Task material |
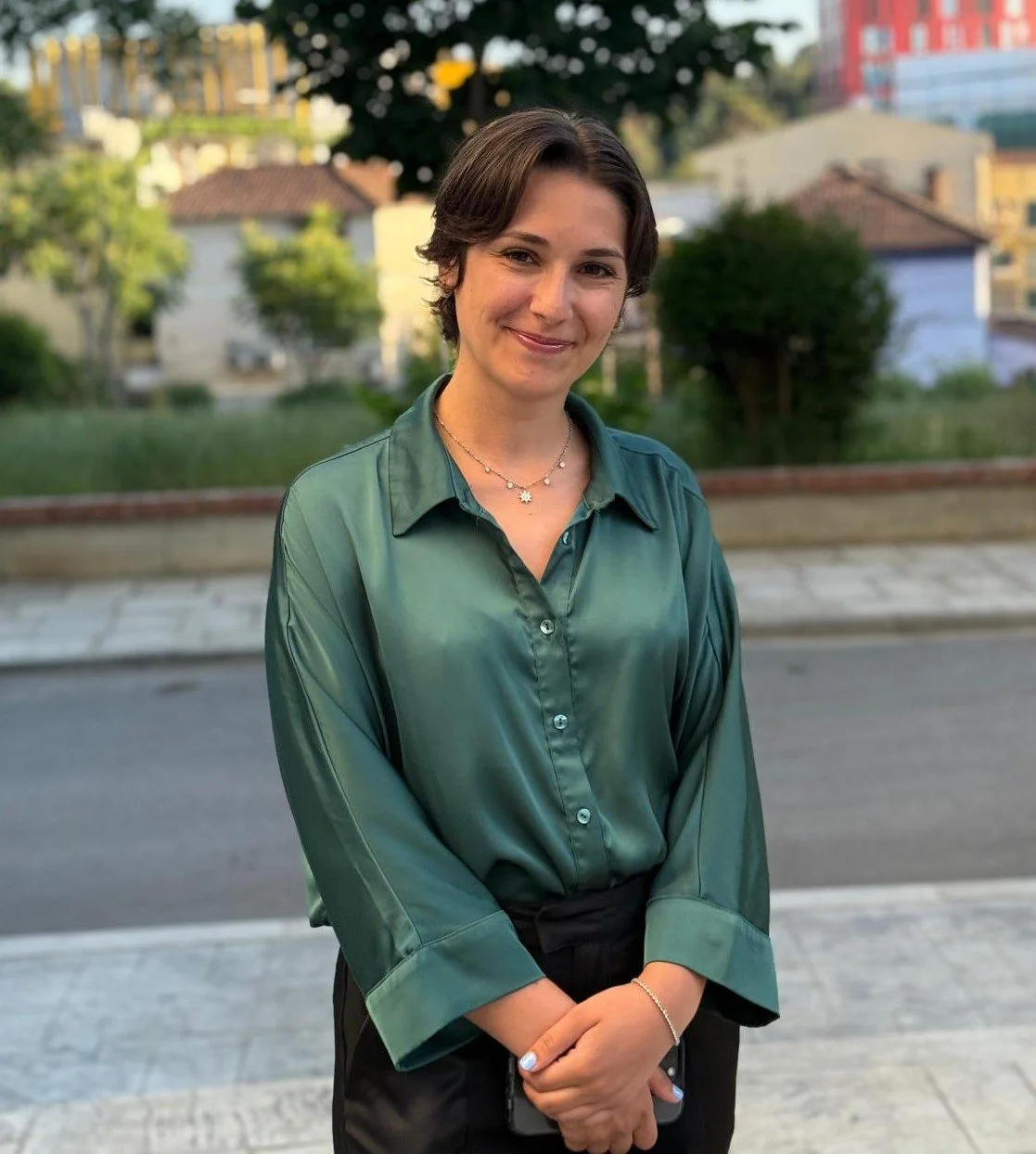 A woman with short dark hair, wearing a green satin blouse, standing outdoors in a neighborhood with trees and houses in the background, smiling.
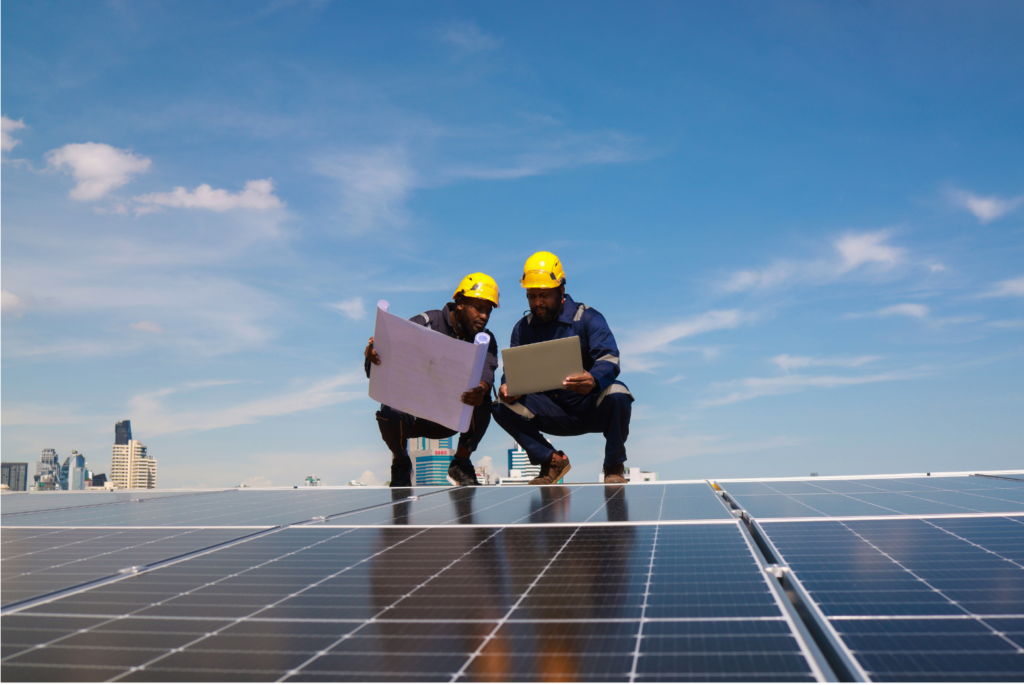 Allstate Sales Group layoff. View of two workers standing by a large solar panel. Both holding blueprints.
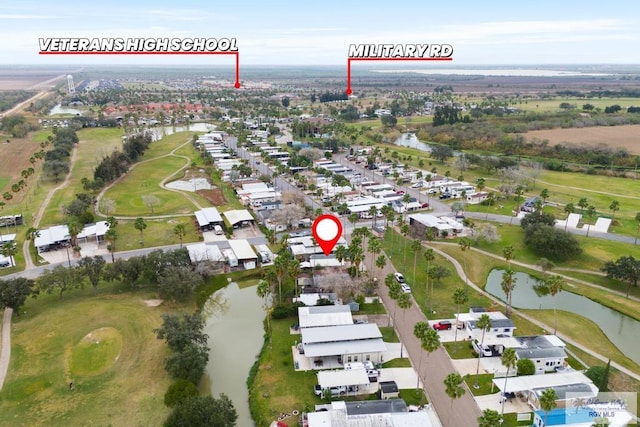 aerial view with golf course view, a water view, and a residential view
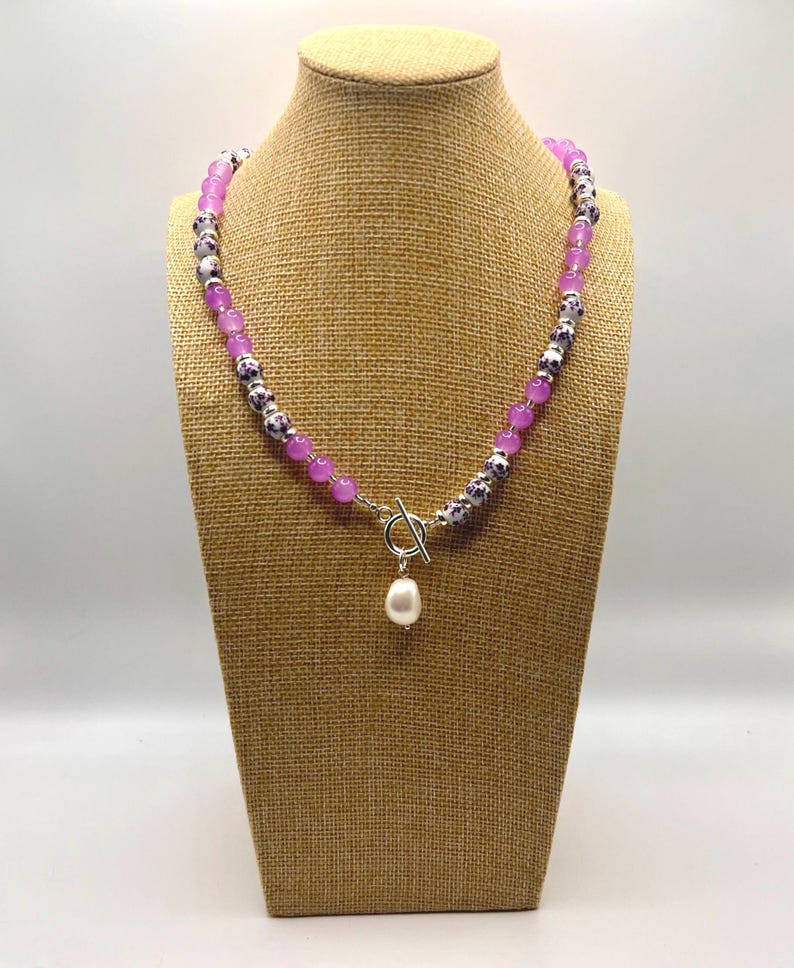 May include: A beaded necklace with a toggle clasp and a dangling pearl pendant. The necklace features alternating purple and patterned beads. The necklace is displayed on a mannequin.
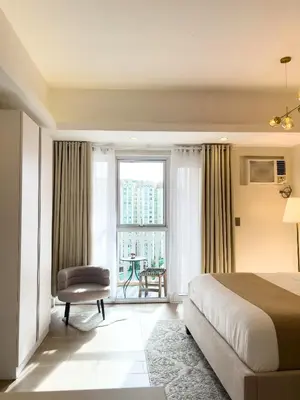 a hotel room with a bed and a window at Casa Elisae l Venice Grand Canal Mall Access in Manila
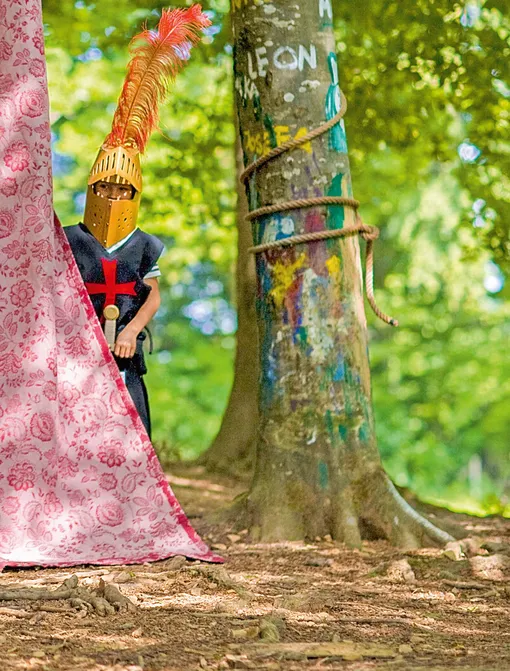 Мальчик в костюме рыцаря за деревом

What you need to do | Write out, exactly and only, the lines from the one containing "Allstate Sales Group" through the last line of the material above. Pictures do not go in the copy.

Result of the exercise |
 Allstate Sales Group layoff. View of two workers standing by a large solar panel. Both holding blueprints.
 aerial view with golf course view, a water view, and a residential view
 May include: A beaded necklace with a toggle clasp and a dangling pearl pendant. The necklace features alternating purple and patterned beads. The necklace is displayed on a mannequin.
 a hotel room with a bed and a window at Casa Elisae l Venice Grand Canal Mall Access in Manila
 Мальчик в костюме рыцаря за деревом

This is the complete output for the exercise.